I am a child of the 80's. I started junior high in 1979 and finished college in 1989. I remember switching from flair to straight leg jeans in 7th grade; a Goody comb tucked in my back pocket through 8th and 9th grade; watching Michael Jackson moonwalk across the Apollo Theater stage in 10th grade; unsuccessfully try on parachute pants in senior high; buttoning the fly of my stonewashed jeans as I entered college; and finally, replacing my cassettes with something called cd's as graduation neared. The decade had a distinct attitude, style and sound.
 Like many other people around my age, that sound lives on in our adulthood. I can hear a song from that era and be instantly transported back in time. As I should be. Most music fits snugly into the decade that spawned it. 80's music is no different. There are very few musicians and singers that are truly timeless, able to sound fresh and relevant from one decade to the next. I am thankful for that because I want the music of my youth to return me - for three or four minutes at a time - to the decade when everything was still in front of me. I need to feel that again.
I sometimes wonder if children of the 00's and 10's will feel the same sort of nostalgia for the music of their childhood as my generation does for ours. I know there is good music being made by talented and hardworking artists. I even listen to some. But in the tightly controlled music industry of the present that vomits out flawless looking "talent" who have been buffed, polished and auto-tuned to a high shine, I don't see a lot of wiggle room for anything resembling future sentimentality or longing.

For the sake of argument though, I wonder what the hit makers of the 80's would have sounded like in the second decade of this still-young century. Only a generation has passed since the 80's ended, but light years in terms of the changes that have occurred in American culture. Still, it's fun to imagine what some of the 80's greatest hits might have sounded like if those same artists had recorded those classic tunes today. For example:

1. Do You Really Want to Block Me by Culture Club. Boy George was mildly shocking when this debut song hit the airwaves. Today? His look wouldn't garner him a double take. Nonetheless, blocking a call or friend request now is the equivalent of hurting someone to their face back when I heard this in 1983.

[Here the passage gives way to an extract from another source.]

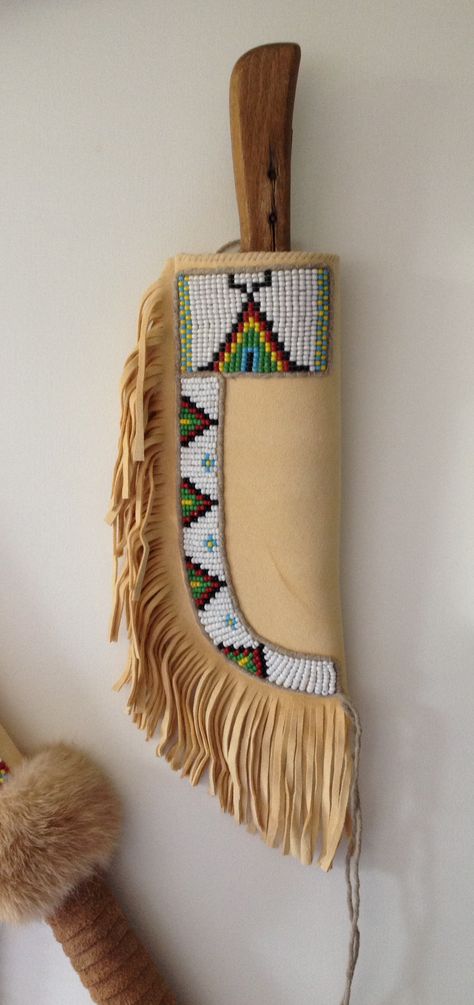 Lakota-inspired knife sheat Native American Knife Sheath, Leather Knife Sheath Pattern, Handmade Moccasins, Indian Beadwork, Native Crafts, Native Beading Patterns, Bone Crafts, Buck Knives, Beadwork Designs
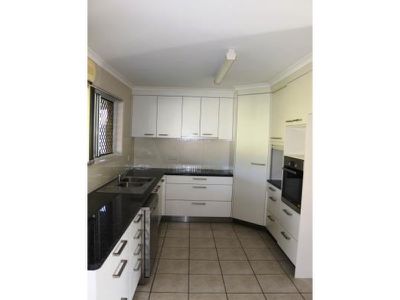 8 Laguna Court, Urangan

2. Wifi for Nothin' (Stream for Free) by Dire Straits. This iconic song about the soulless music industry of the 80's is more relevant than when it was first pressed to vinyl. However, Mark Knopfler would probably update the lyrics to express his disgust towards Hipsters who monopolize free wifi at coffee shops across North America. Sting's backing vocals will now be "I want my, I want my, I want my Net TV," rather than the now quaint "I want my MTV."
 
3. I Wanna Chat With Somebody by Whitney Houston. The defining diva of the decade couldn't dance a lick, and she knew it. Watch the video to this tune and you'll see what I mean. So, for a less engaged, but more plugged in generation (A+ if you know the difference), Whitney's song has been revamped to express what most teens are doing on any given Friday or Saturday night.

4. Let's Hear it For the Blog by Denise Williams. Footloose, the classic boy defies establishment, boy triumphs over establishment movie from 1984 which spawned Ms. Williams only hit, will be re-booted - again. This latest version will be entirely virtual - playing out in the mind of the autistic kid from the 80's television show St. Elsewhere, who is the creation of a Second Life character who looks remarkably like a middle-aged Kevin Bacon (any reference to the word blog is coincidental and not meant to be self-serving, wink wink).
 5. Tag on Me by A-ha. No one from the 80's can forget the groundbreaking video that accompanied the original version, Take On Me. The band, frustrated by years of being able to walk down any city street without being recognized, retitles the mega-hit to reflect their need to stand apart from other equally unrecognizable 80's Euro bands such as Big Country, The Thompson Twins, Dexy's Midnight Runners and Men Without Hats.
 6. Take My Phone Away by Berlin. The signature love ballad from Top Gun (complete with the still-uncomfortable love scene between Tom Cruise and Kelly McGillis) is updated as a public service announcement aimed at teens addicted to texting and driving.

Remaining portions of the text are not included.